I have a corn burning stove - nature makes the pellets for you - all you need to do is harvest them. But, burning corn has pretty corrosive gases that chew thru the stainless steel chimney liners. I have burned pellets some in the stove, but the lower quality pellets have a lot of fines in the bags from broken/crumbling pellets. Those fines tend to end up as ash flying around and that tends to plug the heat exchanger.

Maybe a different stove design wouldn't be as susceptible to fines.

The organization AURI does have some more balanced information - and they aren't just trying to sell you a book/mill/plans. They do test different pellets for BTUs, ash, moisture, etc.
Member # 1659
 - posted June 23, 2010 09:39
____ Doco, again good questions. I have played with grass clippings and a hydraulic jack, the wetter the grass the better the pellet.
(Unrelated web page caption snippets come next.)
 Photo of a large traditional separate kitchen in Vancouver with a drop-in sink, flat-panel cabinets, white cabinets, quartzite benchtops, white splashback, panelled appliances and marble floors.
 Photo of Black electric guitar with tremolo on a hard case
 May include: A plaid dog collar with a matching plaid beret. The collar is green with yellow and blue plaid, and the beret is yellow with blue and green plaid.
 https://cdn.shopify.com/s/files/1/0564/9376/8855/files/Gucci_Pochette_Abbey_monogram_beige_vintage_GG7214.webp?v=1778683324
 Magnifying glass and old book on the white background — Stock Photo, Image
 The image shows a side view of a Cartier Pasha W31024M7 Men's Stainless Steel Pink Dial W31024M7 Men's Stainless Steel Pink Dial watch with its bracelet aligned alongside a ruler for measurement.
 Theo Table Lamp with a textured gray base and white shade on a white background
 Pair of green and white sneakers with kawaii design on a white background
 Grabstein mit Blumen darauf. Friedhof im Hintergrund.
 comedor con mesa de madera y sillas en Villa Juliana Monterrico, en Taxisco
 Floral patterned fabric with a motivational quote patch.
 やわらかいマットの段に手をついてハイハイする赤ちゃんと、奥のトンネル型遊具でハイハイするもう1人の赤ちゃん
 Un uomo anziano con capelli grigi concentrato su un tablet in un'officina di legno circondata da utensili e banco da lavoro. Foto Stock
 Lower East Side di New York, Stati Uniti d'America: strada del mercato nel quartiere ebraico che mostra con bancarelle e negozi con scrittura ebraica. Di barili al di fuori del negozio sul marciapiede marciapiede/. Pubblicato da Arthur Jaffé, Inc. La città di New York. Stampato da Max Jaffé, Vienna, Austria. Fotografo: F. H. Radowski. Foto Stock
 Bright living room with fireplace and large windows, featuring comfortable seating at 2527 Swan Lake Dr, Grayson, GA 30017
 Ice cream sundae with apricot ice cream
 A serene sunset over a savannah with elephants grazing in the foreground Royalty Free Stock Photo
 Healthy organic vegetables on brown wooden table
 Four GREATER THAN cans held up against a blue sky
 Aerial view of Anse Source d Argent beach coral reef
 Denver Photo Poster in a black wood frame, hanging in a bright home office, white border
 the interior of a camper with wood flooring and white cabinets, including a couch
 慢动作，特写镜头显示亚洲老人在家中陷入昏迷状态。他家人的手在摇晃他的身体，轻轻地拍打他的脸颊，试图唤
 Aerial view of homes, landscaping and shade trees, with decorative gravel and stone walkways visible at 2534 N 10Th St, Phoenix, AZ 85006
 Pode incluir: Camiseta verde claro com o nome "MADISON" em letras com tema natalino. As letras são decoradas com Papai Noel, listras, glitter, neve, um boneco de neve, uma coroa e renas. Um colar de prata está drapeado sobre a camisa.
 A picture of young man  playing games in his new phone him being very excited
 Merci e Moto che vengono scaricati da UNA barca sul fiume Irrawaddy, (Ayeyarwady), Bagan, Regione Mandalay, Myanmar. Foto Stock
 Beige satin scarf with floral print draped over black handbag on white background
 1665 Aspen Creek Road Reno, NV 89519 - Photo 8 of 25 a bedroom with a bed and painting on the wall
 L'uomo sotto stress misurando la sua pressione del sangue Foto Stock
Also one can buy binders. I have not tried sawdust and grass clippings together, yet. My stove does not handle corn well, Cherry pits and sunflower seeds burn well but have an oil residue not unlike creosote that clings to the flue.

____ I was at an energy fair hosted by the Chippawa tribes that had some very interesting grate designs that would take care of fines and the clinker corn burners develope. I do not remember the name of the multifuel pelletized fuel boiler but the grate was a drum, like a small clothes dryer and the tumbling broke up the clinkers. The drum grate was above the ash bin so fines w/could fall through.

____ Like every thing there are trade offs in design.